STREME multiple threads/reducing run time

Corbin Machatzke

unread,

May 15, 2023, 10:55:58 AM5/15/23

to MEME Suite Q&A

Hello,

I am doing analysis on a set of Illumina sequencing data. I have 3 fasta files, 2 containing samples with (hopefully) enriched motifs compared to a non biased sequencing set (file number 3). All files only have sequences exactly 30 nt long and contain 0.4, 1.5 and 0.9 M sequences.

I planned on doing motif disocvery using STREME looking something like this:

streme --p inputfile1 --o somefolder --n referencefile --maxw 30

The computation takes over 50 hours with an i7-7700k and 32 gb of RAM (after about 50 hours the workstation crashed due to sth unrelated).
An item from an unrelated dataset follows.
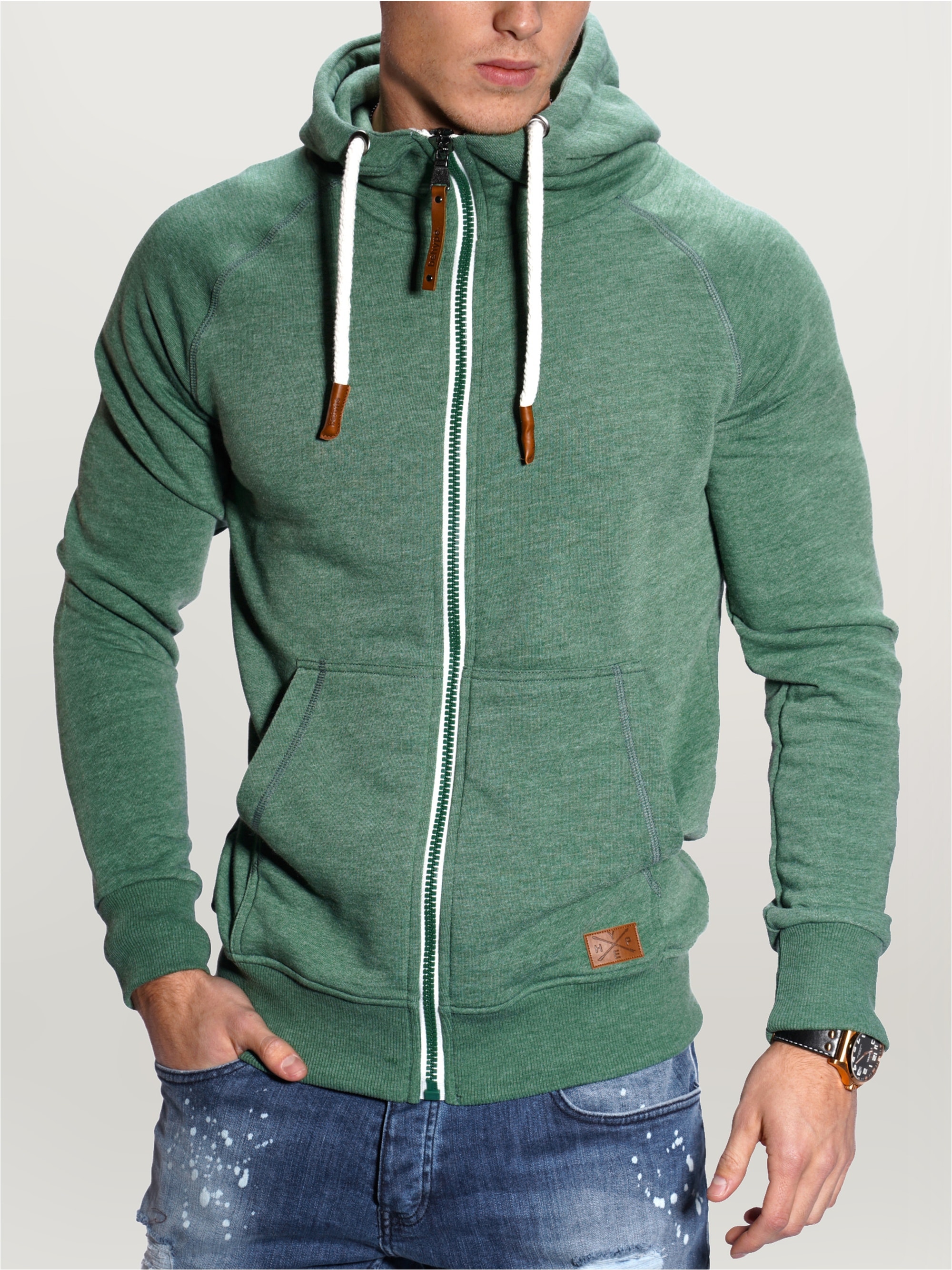 behype Sweatjacke »BHTANSER«, mit praktischem Kordelzug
Is there a way to increase the speed of STREME? I read on the manual page for STREME it only uses 1 thread, but can not find an option to add more threads.

Thank you for your help

Corbin

cegrant

unread,

May 15, 2023, 2:29:07 PM5/15/23

to MEME Suite Q&A

Hi Corbin,

MEME is the only tool in the MEME Suite that does parallel processing.
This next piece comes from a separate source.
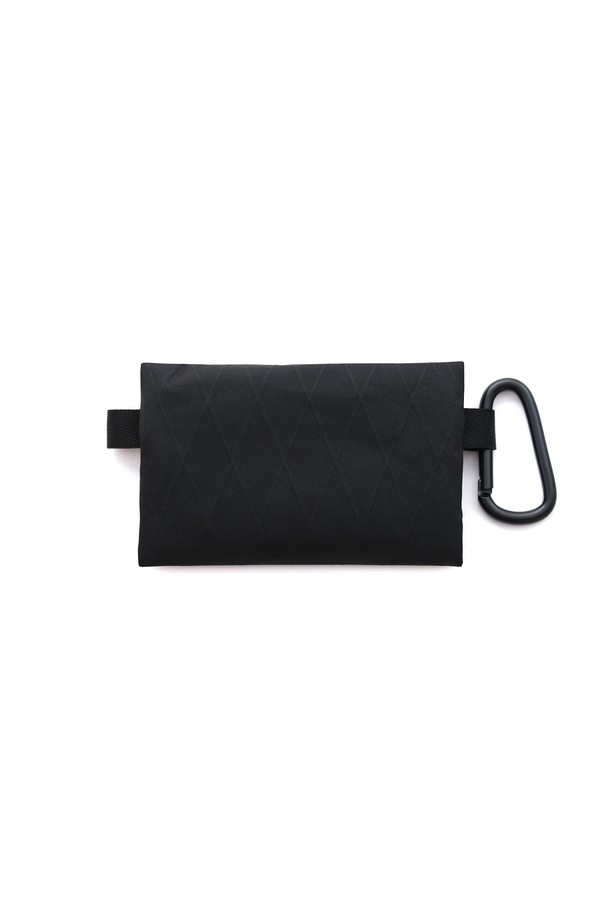 AX210 유틸리티 파우치는 남성 고객을 위해 디자인된 미디엄 사이즈의 블랙 색상 나일론 소재 파우치입니다. 심플하고 캐주얼한 디자인으로 일상 및 여행 시 편리하게 사용 가능하며, 넉넉한 수납 공간과 사이즈 조절 기능으로 실용성을 높였습니다. 사각형 모양에 지퍼형 잠금 방식으로 내용물을 안전하게 보호하며, 그린 라벨 포인트로 포인트를 더했습니다. 캐주얼 스타일과 미니멀한 TPO, 여행룩에 적합한 아이템입니다.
Something certainly seems amiss in how long STREME is taking to analyze your data set. That should only take a couple of minutes given the size of the sequence database you are using.

Can you forward us copies of the input files? That would help us troubleshoot the problem. You should be able to attach files to a reply using the paper clip icon in the tool bar. If that fails try mailing them to meme-...@uw.edu

Corbin Machatzke

unread,

May 16, 2023, 9:13:14 AM5/16/23

to MEME Suite Q&A

Hello,

So I can only attach images in this forum, instead I uploaded the files on sciebo: https://tu-dortmund.sciebo.de/s/m45QOFI2DOtjBMY

There are 3 files, two files I wanted to use as input each (running STREME for each once) and a reference file for the --n option.

Thank you for your help!

Corbin

tlawb...@gmail.com

unread,

Jun 14, 2023, 4:42:53 PM6/14/23

to MEME Suite Q&A

Corbin,

Sorry that STREME is taking a very long time on your inputs.
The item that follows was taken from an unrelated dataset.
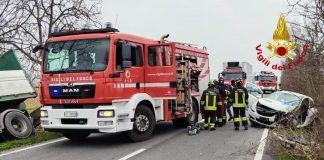 Scontro tra auto e camion sulla Sabbionetana, 70enne in gravi condizioni al Poma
I'm afraid that with over 72Mb of sequence, STREME will

take a very long time.

I tested your 72Mb input (46Mb positive seqs + 26Mb control seqs)

on my iMac (i7 4Ghz Quad-core, 16Gb RAM) and

it took 115 hours to find the first motif. This is not out of

line with the timing results given at the bottom at the bottom

of the manual page for STREME: https://meme-suite.org/meme/doc/streme.html

In cases like yours, the best approach is to subsample the input sequence

datasets to make them smaller. If you have the MEME Suite installed

on your computer (from source, MacPorts or Docker) you can use

the fasta-subsample utility for that purpose: https://meme-suite.org/meme/doc/fasta-subsample.html

In the future, we hope to make STREME multi-threaded, which will make it run faster.

But it scales faster than linearly with the size of the input sets, as you can

see from the timing results mentioned above. So there will always

be a practical limit to how big an input it can handle in a reasonable amount of time.